Planning Your Job Search

In this economy, there are more people than ever looking for work -- that means greater competition for each available position. While you may be the most qualified applicant, credentials alone won't get you hired if you aren't organized in your search. Here are some tips for maximizing your chances of finding the best possible job.

Expectations And Options

Even in tough times, a job search doesn't have to be about taking absolutely ANYTHING that comes along (at least until the point that your unemployment payment runs out!) You have certain job skills, and your goal should be to find a position that will allow you to make use of your talents. But you can't recognize the perfect job opportunity until you know what you're looking for -- and you have to be clear about your strengths and preferences before you can articulate those to a potential employer. Start by asking yourself not only what you're qualified to do, but what you enjoy doing. And rather than thinking just in terms of those positions you have held in the past, try to see the bigger picture -- look beyond your job description at your actual responsibilities. You might have been in charge of putting together the annual meeting and summer picnic each year (and had fun with that part of your job, even though you were officially in marketing) -- nothing wrong with considering work in the event planning industry. Make a list of your strengths, your skills, and your favorite work activities -- and keep this list in front of you as you consider possible job opportunities. You never know when a perfect match will come along, under a different professional title than you were expecting.

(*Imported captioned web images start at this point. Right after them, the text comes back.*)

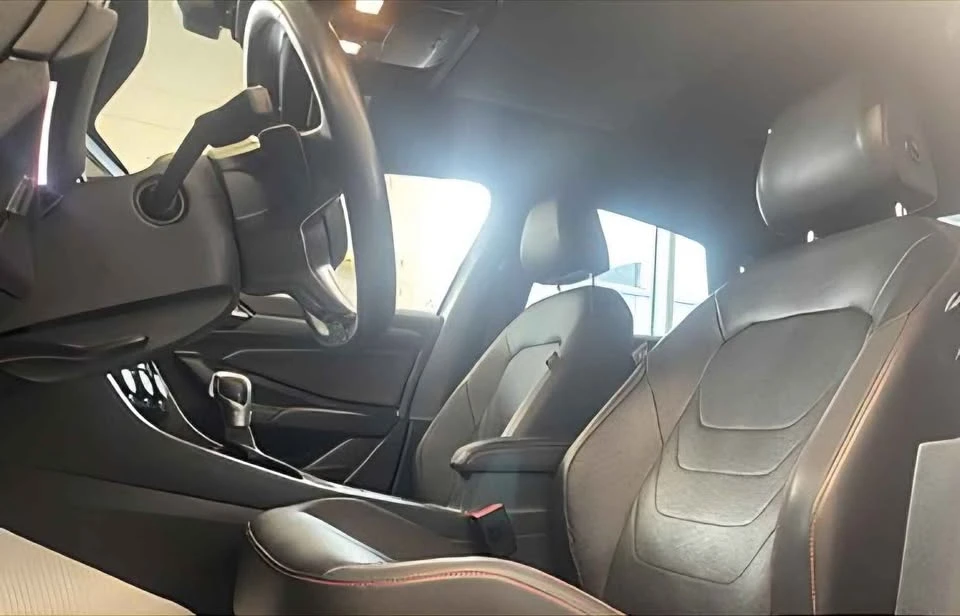 2019 Volkswagen A7 Jetta - Image 8 of 16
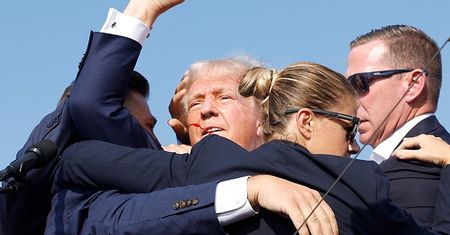 Donald Trump POSTRZELONY na wiecu w Pensylwanii! Sprawca nie żyje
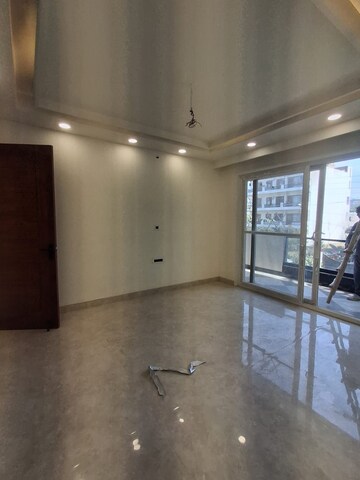 Room in 4 BHK Builder Floor at Sector 57 – for Sale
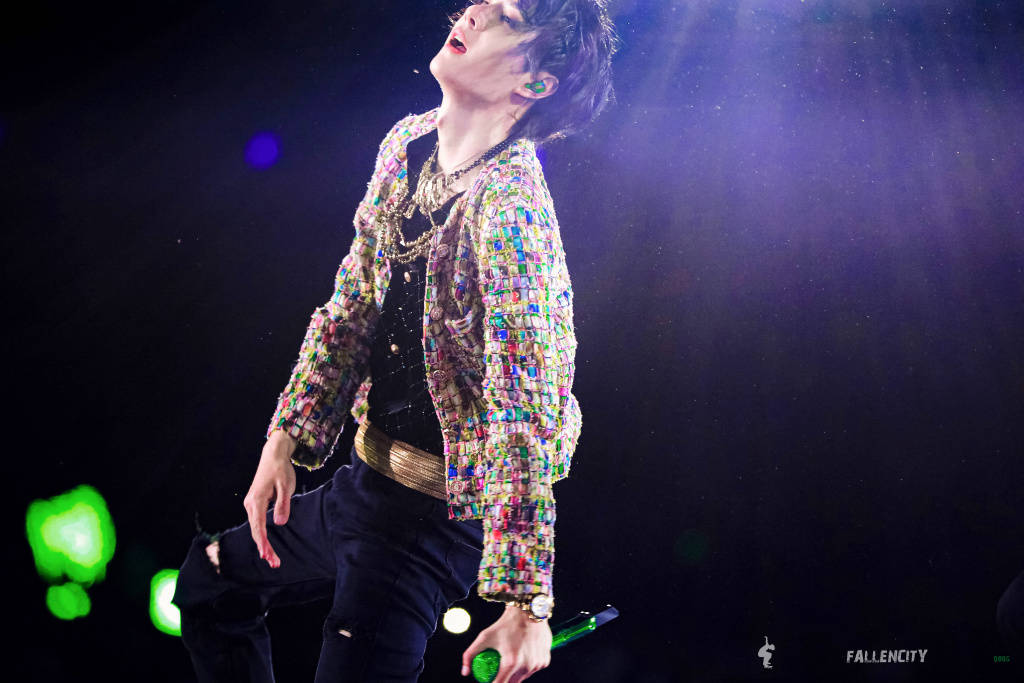 王一博壁纸万物皆酷全新态度舞台的王者王一博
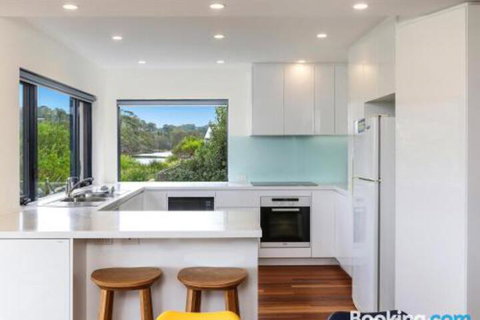 Beachfront Delight 14b Bareena Avenue - Accommodation Perth 4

Modern job-searching isn't like the old days when you sat down at the kitchen table with the "help wanted" ads. These days, the internet is a job-seeker's best friend. While your local paper is still a great way starting point, don't forget about all the online job boards out there. The granddaddy of them all is Monster.com, but a Google search will turn up dozens of sites, including specialty listing services for your particular industry. But don't expect a job to just fall in your lap, simply because you submitted a resume in response to an online listing. Remember that with advanced technology also comes increased competition -- instead of going up against a couple dozen local job-seekers, you're now thrown into a pool of thousands of eager workers from all around the world. Personal relationships are more likely to help you get a job offer than impersonal job boards -- so get out there and network. The more people you meet in your chosen field, the more likely you are to tip over someone who is hiring -- so look into attending meeting of local business leaders, networking groups, and Chamber events to make connections. You can also make use of web-based headhunters and placement firms -- these helpful professionals will work on your behalf to get you hired in an appropriate position (for a small fee). It's a great service to consider if you work in a niche market or are having trouble connecting with companies on your own.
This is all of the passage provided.